NYPD Deputy Chief Amir Yakatally, the police academy’s commanding officer, praised Ordonez’s character and short-lived career.
“Edgar was very well known by his peers,” Yakatally said.
“He was one of over 600 recruits in the academy but when you speak to the recruits that worked with him they spoke of a man who was dedicated to doing his job. He was a father first. He wanted to do this to get his kids in a better position. He wanted to make a difference and he made that very clear amongst all of his peers.

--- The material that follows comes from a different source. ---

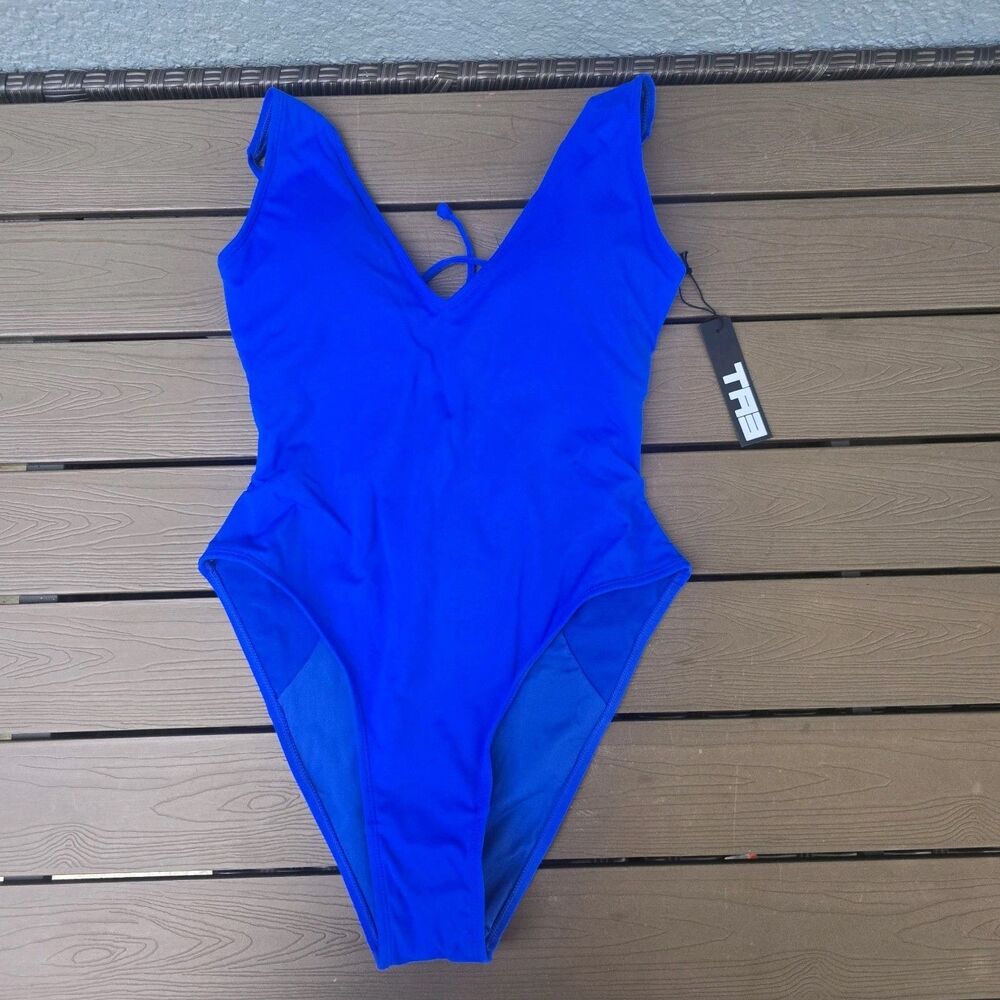 TA3 Plungy Hi Cut Sapphire Swimsuit 1 Piece Short Torso Corset Waist Sz L NEW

He was a motivated young man that pushed through all the challenges in the academy, passed all the exams.”
On Monday, Ordonez was honored at what would have been his graduation at Madison Square Garden.
He was ready to walk,” Yakatally said at the funeral Thursday. “I’m just glad his family was able to attend the graduation.”
Ordonez’s funeral ceremony ended in elaborate pageantry, as the nation’s largest police department assembled outside the Bronx house of worship to honor its fallen member.
Rank upon rank of fellow officers wearing dress-blue uniforms and powder-white gloves lined Tinton Ave. as an honor guard of department motorcycles, cruisers and emergency vehicles assembled with lights flashing red and blue.
A squadron of six department helicopters made a pass above the somber gathering as officers loaded Ordonez’s flag-draped casket into a black hearse.
Church bells rang “Ave Maria” and a police drumline marched to a somber beat as the funeral procession pulled slowly away.